南アルプストンネルが延長25kmというだけでもかなり長いトンネルですが、品川名古屋間286kmの新幹線の内やく88%がトンネルとなるリニア中央新幹線には、もっと長いトンネルがあるのですね。最も長いのが、山岳トンネルではありませんが、起点となる地下の品川駅から神奈川県相模原に置かれる神奈川県駅までの「第一首都圏隧道」がほぼ37km、地下駅でそのまま「第二首都圏隧道」(約4km)につながり、私の家から2kmほど離れた地点で相模川橋梁で地上に顔を出すまで約42km地下に潜っていることになります。車窓風景を楽しめるなんてものではありませんね。

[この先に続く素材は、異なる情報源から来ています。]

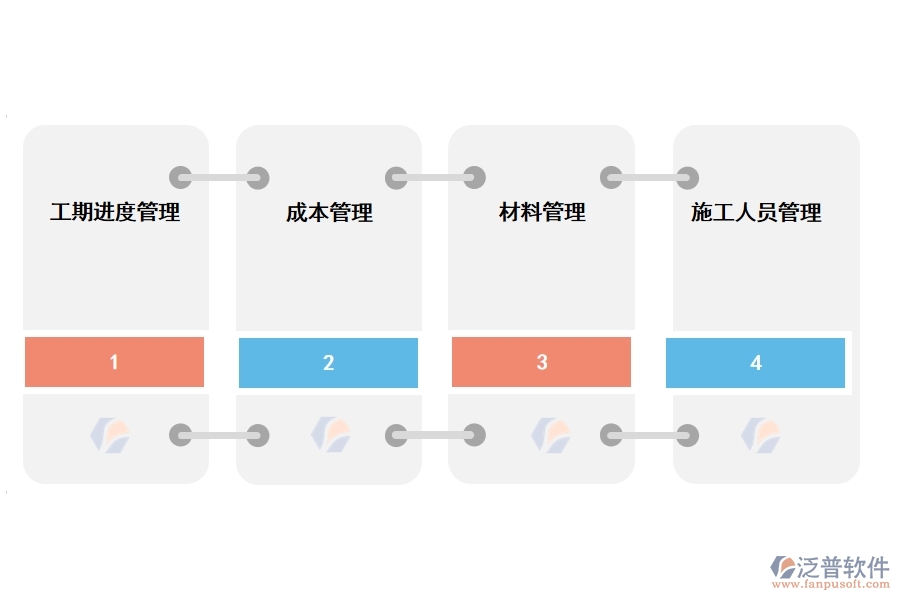 泛普裝飾工程現(xiàn)場(chǎng)管理軟件有哪些功能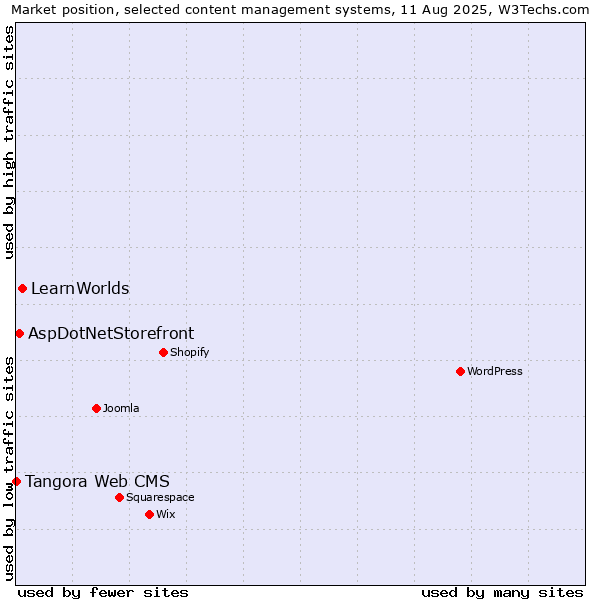 Market position of LearnWorlds vs. AspDotNetStorefront vs. Tangora Web CMS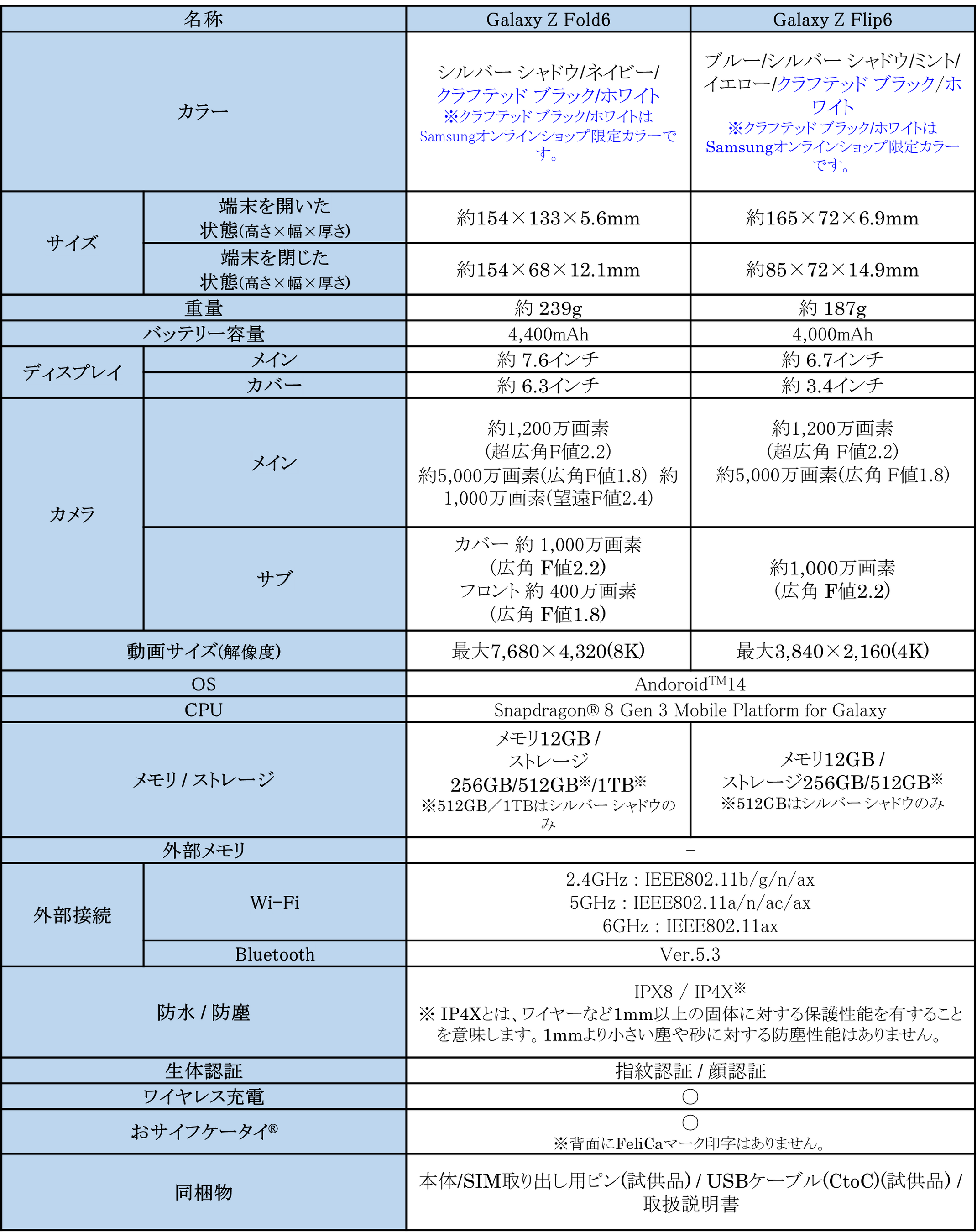 Samsung\wŃCXCzGalaxy Buds3炦Ly[JÒuGalaxy ZV[YviSIMt[fj{\Jn&P[XANZT[{Jn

梨大合唱団で一緒に歌った土木工学科でトンネル工学を専攻していたO君ならば、もっと専門的な関心がいろいろあるに違いありませんが、専門分野が違うとはいうものの、科学技術の観点で、自然界の有様に手を加えて人間社会に有用なものをもたらそうとする営みに於いては、私も興味を待たずにいられません。

リニア新幹線の開業をこの目で見届けることが出来るかどうかわかりませんが、この大事業の行く末を見守りたいものです。できることなら、新幹線に乗車して南アルプストンネルを突き抜け、名古屋まで行ってみたい。